Final templates for the balance sheets of 124 lenders undergoing the probes this year have been released by the European Banking Authority ahead of the results of the stress tests in October, which the authority is conducting alongside the European Central Bank, reports the FT’s Alice Ross.

The eurozone’s largest lenders have spent all year preparing for the stress tests and the accompanying asset quality review, which has seen regulators try to bring uniformity to the way risky or opaque assets are accounted for on banks’ balance sheets.

Senior bankers have said that they welcome the stress tests and hope they will be viewed by market participants as trustworthy. “We hope the tests will finally put concerns over the transparency of European bank balance sheets to bed,” said one.

The EBA said that the templates, which it described as “editable and user-friendly”, would bring greater transparency to Europe’s banks and improve market discipline across the sector.

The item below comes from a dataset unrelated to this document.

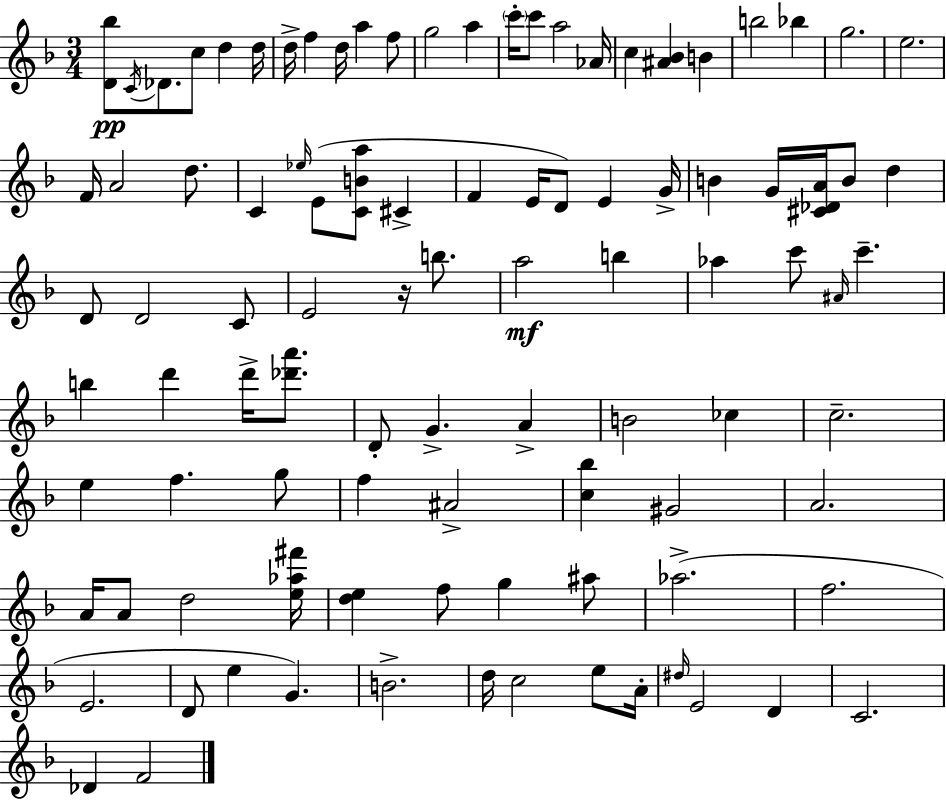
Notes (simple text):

[D4,Bb5]/e C4/s Db4/e. C5/e D5/q D5/s D5/s F5/q D5/s A5/q F5/e G5/h A5/q C6/s C6/e A5/h Ab4/s C5/q [A#4,Bb4]/q B4/q B5/h Bb5/q G5/h. E5/h. F4/s A4/h D5/e. C4/q Eb5/s E4/e [C4,B4,A5]/e C#4/q F4/q E4/s D4/e E4/q G4/s B4/q G4/s [C#4,Db4,A4]/s B4/e D5/q D4/e D4/h C4/e E4/h R/s B5/e. A5/h B5/q Ab5/q C6/e A#4/s C6/q. B5/q D6/q D6/s [Db6,A6]/e. D4/e G4/q. A4/q B4/h CES5/q C5/h. E5/q F5/q. G5/e F5/q A#4/h [C5,Bb5]/q G#4/h A4/h. A4/s A4/e D5/h [E5,Ab5,F#6]/s [D5,E5]/q F5/e G5/q A#5/e Ab5/h. F5/h. E4/h. D4/e E5/q G4/q. B4/h. D5/s C5/h E5/e A4/s D#5/s E4/h D4/q C4/h. Db4/q F4/h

The stress tests, which are being conducted in the coming weeks, will probe the strength of Europe’s banks under both normal and “adverse” conditions until the end of 2016. Under the adverse scenario, banks would have to withstand a slump in the global debt markets, a rise in funding costs, a new recession and plunges in property and equity prices.

Lenders that are found to have capital shortfalls in October will have just two weeks to come up with plans to plug the hole, and a further six to nine months to raise the money.